2005-04-29

EGU: friday

Friday: bright sun again in contrast to my somewhat jaded feeling: I think I can concentrate for another half day though. Up early to check out and get to posters at 8 to put mine up.

The complete disconnect between the publicly visible debate and the scientific debate is very striking. No one here is saying, will there be GW, only, how much will it be, and I didn't see anyone with a sensitivity below 1.5 oC (and the author of that noted that it was probably low). And even starting with that example is misleading: the vast bulk of the conference is about things invisible to the outside: atmospheric teleconnections (e.g. my poster...), model inprovements, etc etc etc etc. The reason is easy to understand: discussing the technical details is tricky, requires technical knowledge and access to the literature; whereas wurbling about what Richard Lindzen said n years ago requires (perhaps even demands...) very little. And of course the things that the press depts direct into the outside world are biased towards the sexy stuff.

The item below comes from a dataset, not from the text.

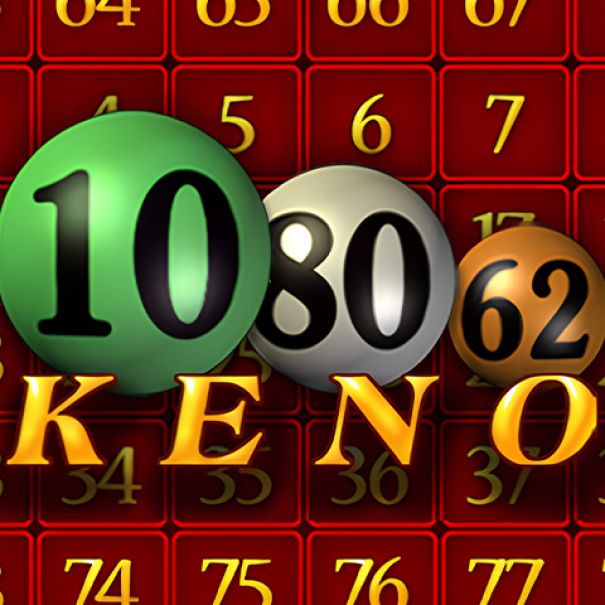KENO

Palaeo session, which should be good. Whaqt would be intesting would be some detailed debate about the discrepancies between the various recons. But we don't get that, sadly.

Medal-winning Goosse: ECBILT model: EMIC, 100 sims, last 2kyr. Ensemble mean v similar to MBH (later shows also sim to Moberg, if you scale Moberg down. Someone Qs this: to which Goosse replies (what the RC post on Moberg pointed out) that most of the Moberg wavelet stuff is non-dimensional; it needs to be scaled at the end, and is, to ?1850-1980?, so there is ambiguity in the scaling)). Now, we assume that the ensemble mean averages out the noise and so represents the response to the forcing. He then points out the obvious: that individual members can differ strongly from the ensemble mean. But the true climate of the earth was like one of these members: so we have to be careful about over-interpreting regional effects in the reconstructions: they may just be natural var. He then selects the member most like a reconstruction (either fit to MBH hemispheric mean, or a European only, or) and then that effectively gives you a sort of model interpolation of the proxies.

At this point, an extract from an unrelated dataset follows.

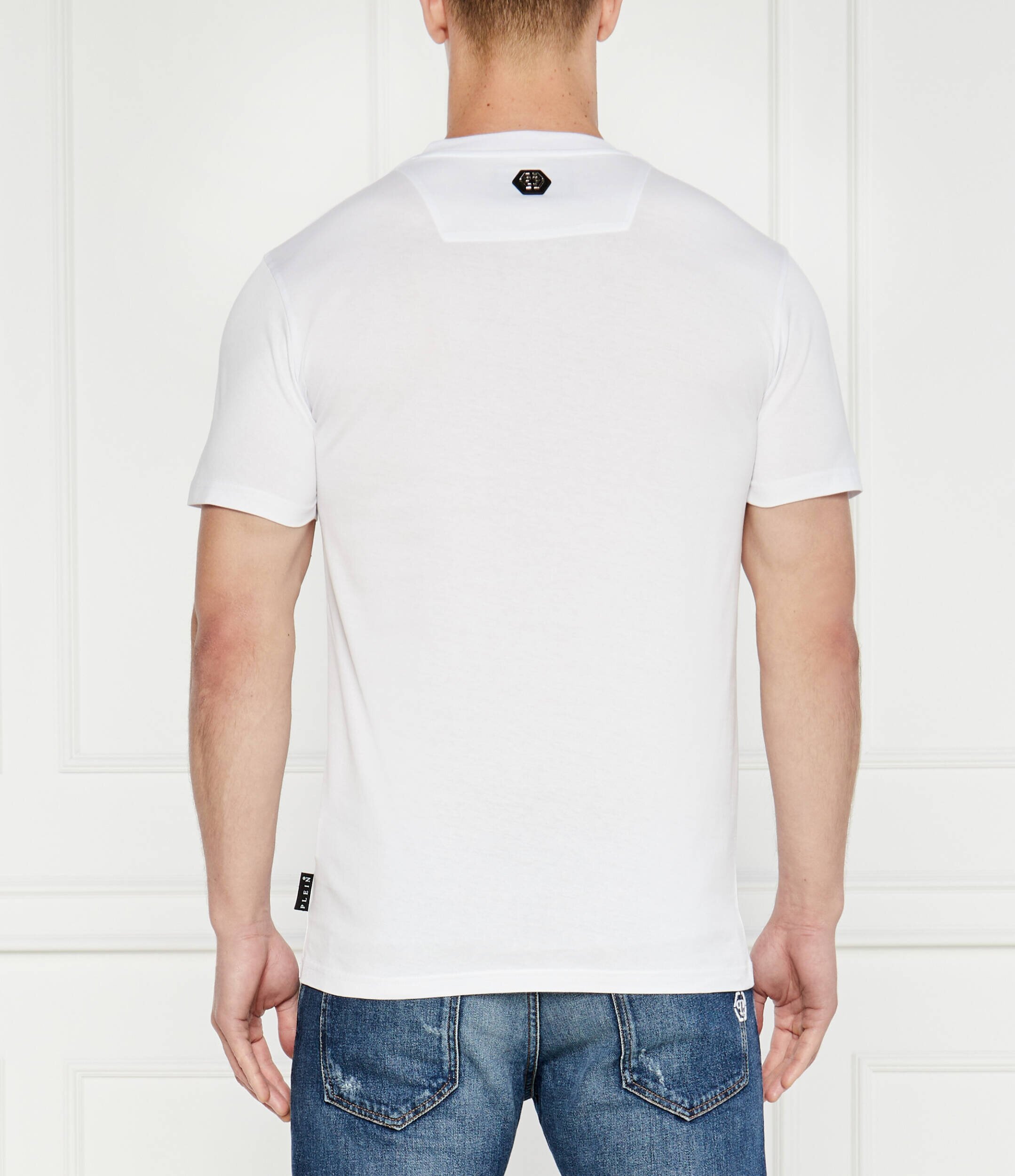 Philipp Plein Tricou | Regular Fit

Allan: 5x5 degree MSLP reconstructions back to 1850 (www.hadobs.org). He seems to lack Antarctic data... I must mail him.

American/Pacific proxies during the "MCA" (ie, Mediaeval climate anomaly, a term he prefers since calling it the MWP is odd, because the period usually called the MWP was cold and dry over there...). Then deducing some ENSO-type EOF'd tropical pacific SST pattern and using that to force a GCM, but possibly that was stretching things a bit.

Edwards: W N America/Canada: otoh he has a MWP that is +4 oC (from something to do with C13). Whew! But when q'd on this he appears to be unconfident of the scaling, though he insists on the shape.

And then off to the posters, and mine in particular. And thats about it...

3 comments:

Anonymous said...

were there any comments on the
new hansen paper showing an
energy imbalance of 0.85W/sq.m. ?

William M. Connolley said...

Not that I heard, probably because the paper only came out on the thursday/friday. I talked to Gavin Schmidt, one of the authors, but... err... well, I didn't press him on the details (I'm assuming I'll get to read it in the paper version next week) and I'm already familiar with the general idea, which is scientifically uncontroversial, so I sort-of wasn't terribly interested.

Anonymous said...

and I didn't see anyone with a sensitivity below 1.5 oC (and the author of that noted that it was probably low).

Was that a transient or an equilibrium sensitivity, and if the latter, what was the 90% equilibrium time?